Validation set accuracy 0.5749 


### Linear SVM model with chi2 as selection criteria

In [11]:
linear_model, tfv_linear, select_linear = build_linear_model(X_small_train_unprocessed, y_small_train, 'word')

In [12]:
linear_SVM_preds = linear_model_predictions(linear_model, tfv_linear, select_linear, X_small_validation_unprocessed)

In [13]:
print 'Validation set accuracy %0.4f ' %(quadratic_weighted_kappa(y_small_validation, linear_SVM_preds))

Validation set accuracy 0.4107 


### KNN neighbors model on unprocessed data

In [14]:
knn_model_word, tfv_knn, svd_knn = build_knn_model(X_small_train_unprocessed, y_small_train, 'distance', 'word')

In [15]:
knn_word_preds = knn_model_predictions(knn_model_word, tfv_knn, svd_knn, X_small_validation_unprocessed)

In [16]:
print 'Validation set accuracy %0.4f ' %(quadratic_weighted_kappa(y_small_validation, knn_word_preds))

Validation set accuracy 0.5203 


### Let's see how correlated these predictions are among each other

In [17]:
pd.DataFrame({'non_lin_word': non_linear_SVM_word_preds,
              'lin_pred': linear_SVM_preds,
              'knn_pred_word': knn_word_preds
             }).corr()

Unnamed: 0,knn_pred_word,lin_pred,non_lin_word
knn_pred_word,1.0,0.584736,0.736249
lin_pred,0.584736,1.0,0.560435
non_lin_word,0.736249,0.560435,1.0


### lets take ensemble of all the three strategies

In [27]:
# Averaging
# ensemble_unprocessed = (non_linear_SVM_word_preds 
#                         + linear_SVM_preds + knn_word_preds) / 3

In [30]:
# Most common
ensemble_unprocessed = []

for i in range(len(knn_word_preds)):
    ensemble_unprocessed.append(most_common([knn_word_preds[i], non_linear_SVM_word_preds[i], linear_SVM_preds[i]]))

In [32]:
print 'Validation set accuracy %0.4f ' %(quadratic_weighted_kappa(y_small_validation, ensemble_unprocessed))

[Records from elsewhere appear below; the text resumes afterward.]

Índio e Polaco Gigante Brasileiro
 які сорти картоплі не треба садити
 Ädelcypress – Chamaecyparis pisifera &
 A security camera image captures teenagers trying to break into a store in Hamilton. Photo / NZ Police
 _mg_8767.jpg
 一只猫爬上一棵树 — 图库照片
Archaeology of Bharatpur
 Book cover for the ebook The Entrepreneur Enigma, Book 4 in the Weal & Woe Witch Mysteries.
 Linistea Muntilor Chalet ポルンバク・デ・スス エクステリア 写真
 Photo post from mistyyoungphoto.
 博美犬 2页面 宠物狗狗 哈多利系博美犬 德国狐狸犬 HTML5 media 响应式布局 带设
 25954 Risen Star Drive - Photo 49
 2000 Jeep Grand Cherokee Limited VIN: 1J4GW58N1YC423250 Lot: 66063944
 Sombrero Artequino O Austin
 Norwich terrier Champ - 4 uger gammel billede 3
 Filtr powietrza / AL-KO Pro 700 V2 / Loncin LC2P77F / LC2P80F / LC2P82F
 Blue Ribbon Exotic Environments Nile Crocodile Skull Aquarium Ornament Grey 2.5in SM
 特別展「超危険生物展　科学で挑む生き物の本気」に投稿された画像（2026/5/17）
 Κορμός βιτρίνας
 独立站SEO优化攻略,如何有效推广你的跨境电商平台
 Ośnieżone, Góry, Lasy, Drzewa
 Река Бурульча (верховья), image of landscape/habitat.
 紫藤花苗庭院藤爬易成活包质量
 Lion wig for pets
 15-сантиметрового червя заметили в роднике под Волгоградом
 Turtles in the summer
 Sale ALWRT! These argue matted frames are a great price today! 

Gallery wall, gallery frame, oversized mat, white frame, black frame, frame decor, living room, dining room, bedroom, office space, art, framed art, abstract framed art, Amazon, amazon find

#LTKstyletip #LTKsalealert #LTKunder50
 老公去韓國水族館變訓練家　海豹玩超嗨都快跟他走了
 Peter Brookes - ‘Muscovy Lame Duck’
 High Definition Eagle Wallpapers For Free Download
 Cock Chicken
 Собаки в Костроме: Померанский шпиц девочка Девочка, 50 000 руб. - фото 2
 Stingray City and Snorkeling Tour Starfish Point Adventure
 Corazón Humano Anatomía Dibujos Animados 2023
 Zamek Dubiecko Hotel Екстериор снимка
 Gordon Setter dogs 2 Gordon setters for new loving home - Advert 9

Validation set accuracy 0.5524 


### Models applied after processing text

In [33]:
X_small_train_processed = tweak_text(X_small_train)
X_small_validation_processed = tweak_text(X_small_validation)

In [34]:
tweaked_model, tfv_tweaked, svd_tweaked, scl_tweaked = build_stopwords_tweak_model(X_small_train_processed, y_small_train)

In [35]:
tweaked_predictions = non_linear_model_predictions(tweaked_model, tfv_tweaked,
                                                   svd_tweaked, scl_tweaked, X_small_validation_processed)

In [36]:
print 'Validation set accuracy %0.4f ' %(quadratic_weighted_kappa(y_small_validation, tweaked_predictions))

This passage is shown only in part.